The Proseuche
Acts 16:13
And on the sabbath we went out of the city by a river side, where prayer was wont to be made; and we sat down…


The names proseuche and synagogue were sometimes confounded; though at other times the distinction between them is observed. This distinction consists in the first word being used of the place of assembly, and the latter of the assembly itself. But however frequently these names were interchanged, they seem on the whole to have been used to designate different buildings, the first a temporary and tentative place of worship, the second a regular and acknowledged edifice, much as among ourselves a mission chapel is distinguished from a parish church. Wheresoever, from the paucity of their numbers, the Jews were not able to establish a synagogue, which required a certain number of men competent to bear the offices necessary to constitute a synagogue, there near a stream, as seems to have been the almost invariable practice in heathen countries, a proseuche was established — a humble dwelling partly covered, in part open to the sky, which in after times might give place to a grander edifice, and was not exclusively devoted to worship as the synagogue was.

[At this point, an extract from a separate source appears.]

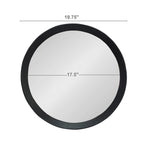 20" Black Round Wood Framed Accent Mirror - Montana Home & Kitchen Co.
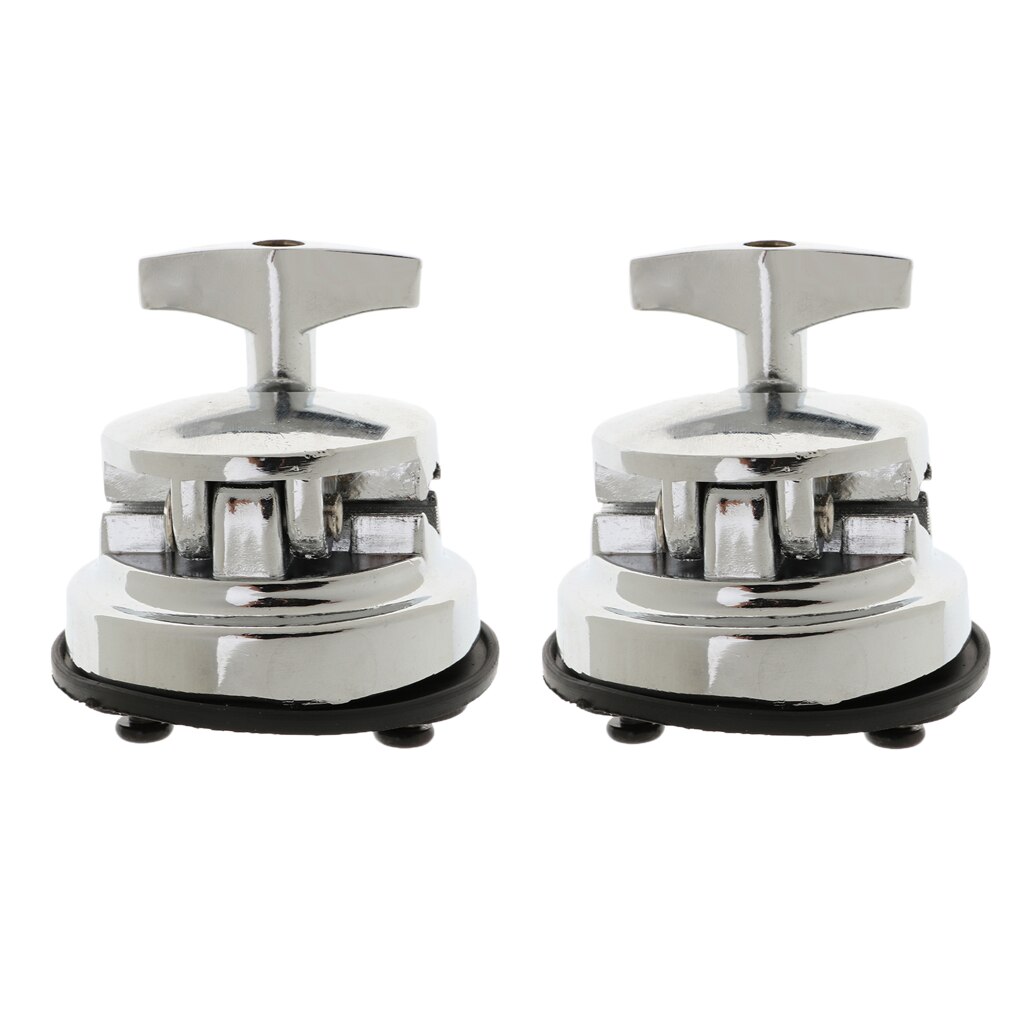 2x Zinc Alloy Drum Holder Base Plate Drum Rack Clamp Drum Tom Mount Bracket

Thus at Thessalonica and Antioch and elsewhere we find synagogues mentioned; at Philippi, where there is no appearance of any Jewish colony, there is only "a place for prayer."

(W. Denton, M. A.)



Parallel Verses
KJV: And on the sabbath we went out of the city by a river side, where prayer was wont to be made; and we sat down, and spake unto the women which resorted thither.

WEB: On the Sabbath day we went forth outside of the city by a riverside, where we supposed there was a place of prayer, and we sat down, and spoke to the women who had come together.